Este invierno de 2026 ya ha dejado su rastro de brasas y calderos en Ciruelos de Coca, en Abades, en Bercial, en Valseca, en Fuenterrebollo, Lastras de Cuéllar, en Nueva Segovia, en Duruelo, en Bernardos… la tradición se mantiene, aún hay latido.

Para los interesados en el asunto durante el mes de marzo se programan algunas matanzas populares abiertas a todos, una fiesta más del calendario para agruparse y darse calor, para celebrar la carne, que este año la Semana Santa llega pronto con sus potajes y sus pescados. El sábado 7 de marzo están programadas matanzas populares en Valverde del Majano, Añe, Coca y Moraleja de Coca. El fin de semana siguiente se podrán disfrutar en Rades de Abajo, el martes 17 de marzo, en Carbonero de Ahusín y ya el domingo 12 de abril en Martín Miguel se anuncia la XII Fiesta de la Matanza Popular.

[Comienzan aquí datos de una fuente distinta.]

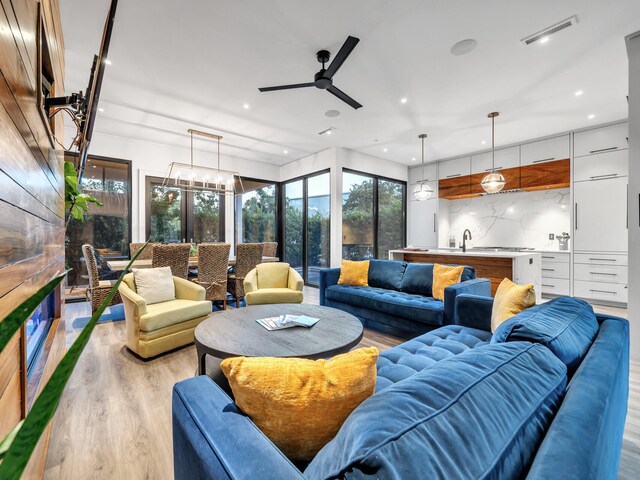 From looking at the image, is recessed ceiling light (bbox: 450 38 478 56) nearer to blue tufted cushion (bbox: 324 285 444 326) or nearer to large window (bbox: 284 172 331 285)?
blue tufted cushion (bbox: 324 285 444 326)

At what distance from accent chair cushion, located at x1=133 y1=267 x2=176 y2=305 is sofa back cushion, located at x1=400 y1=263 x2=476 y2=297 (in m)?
2.67

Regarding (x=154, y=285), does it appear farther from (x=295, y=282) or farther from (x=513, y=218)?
(x=513, y=218)

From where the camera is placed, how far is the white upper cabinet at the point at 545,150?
514cm

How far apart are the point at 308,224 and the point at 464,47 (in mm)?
4468

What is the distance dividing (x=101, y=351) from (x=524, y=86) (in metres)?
5.41

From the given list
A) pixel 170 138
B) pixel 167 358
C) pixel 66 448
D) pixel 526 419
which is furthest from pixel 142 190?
pixel 526 419

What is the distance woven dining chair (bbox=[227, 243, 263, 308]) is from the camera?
4.59 metres

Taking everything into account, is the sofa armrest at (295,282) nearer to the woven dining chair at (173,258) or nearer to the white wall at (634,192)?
the woven dining chair at (173,258)

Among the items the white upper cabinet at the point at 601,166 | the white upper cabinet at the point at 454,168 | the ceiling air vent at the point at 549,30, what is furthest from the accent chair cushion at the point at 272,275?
the white upper cabinet at the point at 601,166

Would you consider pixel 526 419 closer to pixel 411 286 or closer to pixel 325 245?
pixel 411 286

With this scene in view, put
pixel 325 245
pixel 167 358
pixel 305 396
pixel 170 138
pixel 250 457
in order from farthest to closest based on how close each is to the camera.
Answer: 1. pixel 325 245
2. pixel 170 138
3. pixel 167 358
4. pixel 305 396
5. pixel 250 457

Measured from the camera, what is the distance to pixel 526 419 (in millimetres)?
741

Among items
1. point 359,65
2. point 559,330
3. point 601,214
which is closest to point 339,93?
point 359,65

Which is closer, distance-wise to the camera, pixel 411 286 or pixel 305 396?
pixel 305 396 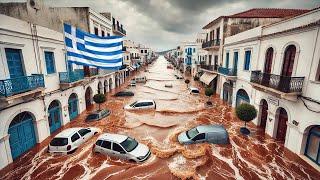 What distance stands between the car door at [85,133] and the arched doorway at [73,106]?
5498mm

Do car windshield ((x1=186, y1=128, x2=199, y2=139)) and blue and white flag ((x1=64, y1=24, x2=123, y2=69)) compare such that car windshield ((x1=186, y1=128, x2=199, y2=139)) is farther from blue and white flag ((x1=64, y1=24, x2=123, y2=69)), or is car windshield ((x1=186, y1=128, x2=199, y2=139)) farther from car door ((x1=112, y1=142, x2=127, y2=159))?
blue and white flag ((x1=64, y1=24, x2=123, y2=69))

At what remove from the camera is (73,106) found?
18578 millimetres

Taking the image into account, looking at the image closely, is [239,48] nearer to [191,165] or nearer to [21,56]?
[191,165]

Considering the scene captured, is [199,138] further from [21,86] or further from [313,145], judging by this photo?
[21,86]

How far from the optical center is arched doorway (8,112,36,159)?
36.4ft

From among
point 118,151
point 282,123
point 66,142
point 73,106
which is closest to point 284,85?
point 282,123

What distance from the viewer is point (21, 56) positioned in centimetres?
1145

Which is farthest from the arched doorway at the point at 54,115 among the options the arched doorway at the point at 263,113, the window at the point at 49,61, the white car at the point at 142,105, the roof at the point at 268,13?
the roof at the point at 268,13

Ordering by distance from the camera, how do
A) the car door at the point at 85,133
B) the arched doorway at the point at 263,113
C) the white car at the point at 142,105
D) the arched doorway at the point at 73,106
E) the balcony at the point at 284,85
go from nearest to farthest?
the balcony at the point at 284,85
the car door at the point at 85,133
the arched doorway at the point at 263,113
the arched doorway at the point at 73,106
the white car at the point at 142,105

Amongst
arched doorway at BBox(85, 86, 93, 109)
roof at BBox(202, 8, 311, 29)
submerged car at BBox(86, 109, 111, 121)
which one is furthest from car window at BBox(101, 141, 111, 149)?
roof at BBox(202, 8, 311, 29)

Las matanzas populares han mutado, y donde antes era necesidad, ahora es también identidad y economía de barra, ticket y charanga. Se mata menos “por obligación” y más “por celebrar”, pero el fondo sigue ahí: el recordatorio de que la comida no nace en una bandeja de plástico, y de que el invierno se combate mejor cuando se comparte.
Ahora bien: una cosa es la matanza de pabellón municipal y otra, la matanza domiciliaria, la de autoconsumo, la que aún se practica en patios y cocheras, con familia alrededor y un respeto que debería ser ley incluso cuando no lo es. Y aquí la ley, de hecho, existe.
En Castilla y León, la campaña oficial 2025–2026 recuerda que el sacrificio domiciliario para autoconsumo está acotado en fechas (se recoge un periodo autorizado del 31 de octubre de 2025 al 5 de abril de 2026) y exige control veterinario, especialmente el análisis para descartar triquina. Además, lo que se obtiene es sólo para autoconsumo: está prohibida su comercialización.